19/11/2013

CONSCIÊNCIAS [Branca e Negra]



O “dia da consciência negra” (20 de novembro) e a “consciência branca”. Entre Zumbi dos Palmares e Joaquim Nabuco e José do Patrocínio. A abolição da 
escravatura em 13.05.1888.



De um prospecto sobre o 20 de novembro:

“O Dia da Consciência Negra é dedicado à reflexão sobre a situação do negro na sociedade brasileira e celebrado em 20 de novembro. Esta data foi escolhida por coincidir com o dia da morte de Zumbi dos Palmares, em 1695. Durante cem anos (1595-1695) o Quilombo dos Palmares (situado entre os estados de Alagoas e Pernambuco) constituiu um foco de resistência aos ataques da Coroa. Em função da sua importância, tem sido um marco nas relações sociais e culturais que contribui no fortalecimento de ações para ampliação da cidadania”. (1)

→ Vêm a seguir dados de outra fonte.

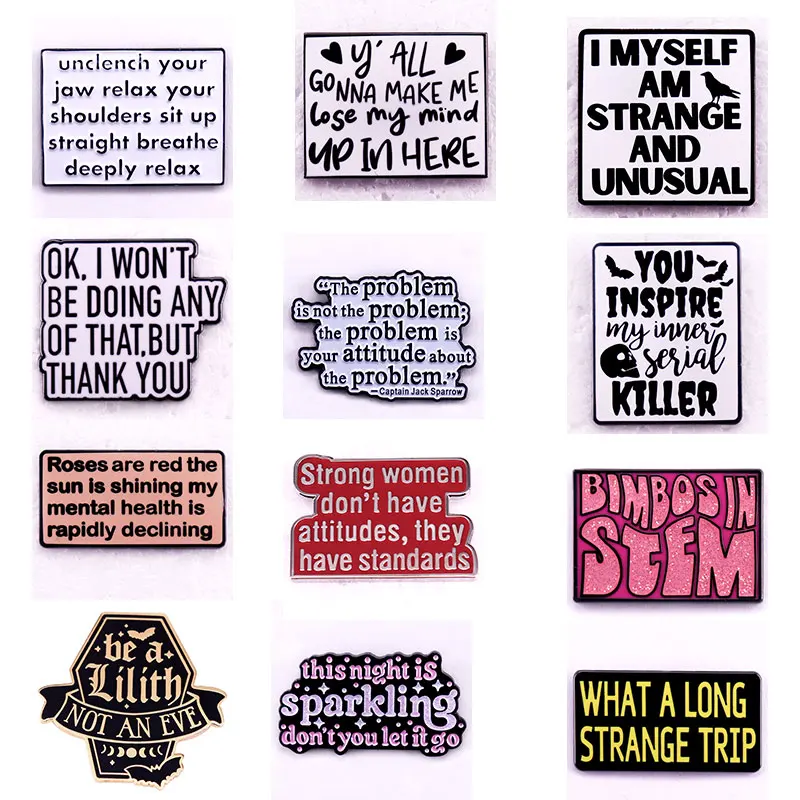 Humour English Quotation Metal - Women Accessories In English reseña y precio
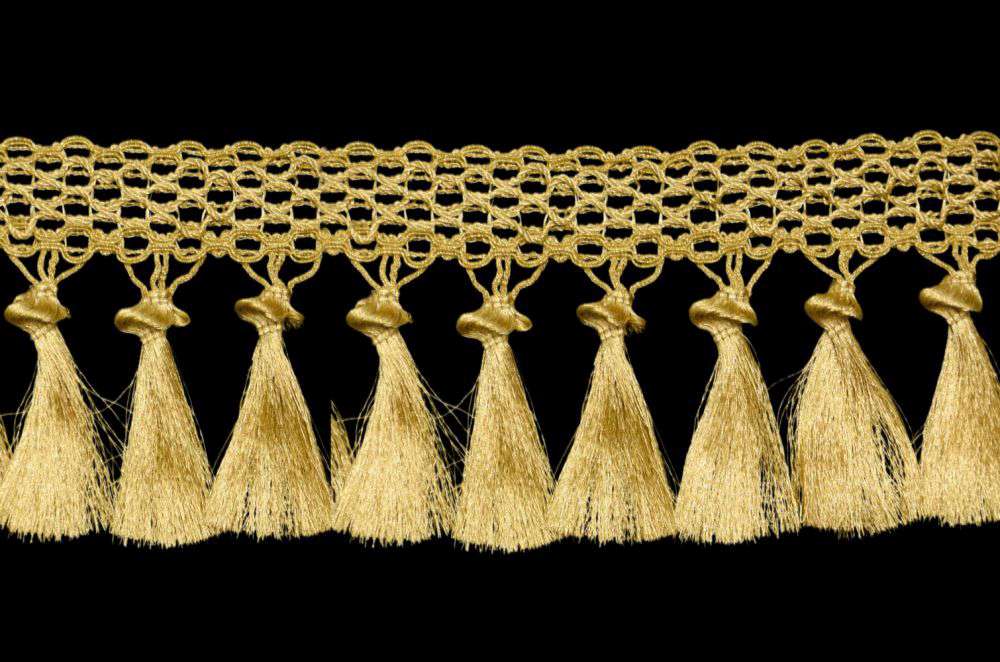 Бахрома «Кисти на тесьме» ширина 12,5 см в золоте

Não será preciso dizer mais.

Essa “consciência”, dizem muitos, tem até mesmo o condão de ofuscar a Lei Áurea, assinada pela princesa Isabel em 13 de maio de 1888, mal lembrada e comemorada, quase dois séculos depois da morte de Zumbi.

[Neste artigo (ou crônica) de 22.11.2009 mantido nos seus fundamentos, a seguir resgato um pouco da “consciência branca” que resultou na libertação dos escravos naquela data.]

CONSCIÊNCIAS [Branca e Negra]

Há alguns anos, uma edição de bolso, a obra “Minha Formação” de Joaquim Nabuco veio às minhas mãos duma dessas gôndolas giratórias de livraria. (2).

Como relatei antes, pouco sabia de Joaquim Nabuco que nascera no Recife em 1849, era rico, monarquista e abolicionista ferrenho falecendo em 1910 em Washington, como embaixador do Brasil.(3)




Livro com texto rebuscado, porque Nabuco fora sobretudo um intelectual, ao chegar à última página lamentei, sabendo que um dia desses teria que reler a obra.





Trata-se de um documento valioso porque fora escrito por alguém contemporâneo aos fatos e que, em muitas ocasiões, fortemente, tivera influência sobre eles.

Atenho-me à sua luta abolicionista.

Morando com a madrinha, ainda menino tivera Nabuco uma primeira experiência com o temor de um escravo que fugira duma senzala e agarrara seus pés, implorando que fosse comprado por sua madrinha porque o seu senhor, muito severo, castigava seus escravos com crueldade.

A partir dessa experiência, revelando que absorvera a escravidão “no leite materno que me amamentou” [de uma negra], “uma carícia muda” que o envolveu diria: “Assim eu combati a escravidão com todas as minhas forças, repeli-a com toda a minha consciência, como a deformação utilitária da criatura...”

Com a morte de sua madrinha, dona do engenho Massangana, relata ele quando de sua volta 12 anos depois, referindo-se aos escravos que o serviram:

“Não só esses escravos não se tinham queixado de sua senhora, como a tinham até o fim a abençoado. Eles morreram acreditando-se os devedores (...) seu carinho não teria deixado germinar a mais leve suspeita de que o senhor pudesse ter uma obrigação com eles, que lhes pertenciam.” (*) (...) Oh! Os santos pretos! Seriam eles os intercessores pela nossa infeliz terra, que regaram com o seu sangue, mas abençoaram com seu amor!”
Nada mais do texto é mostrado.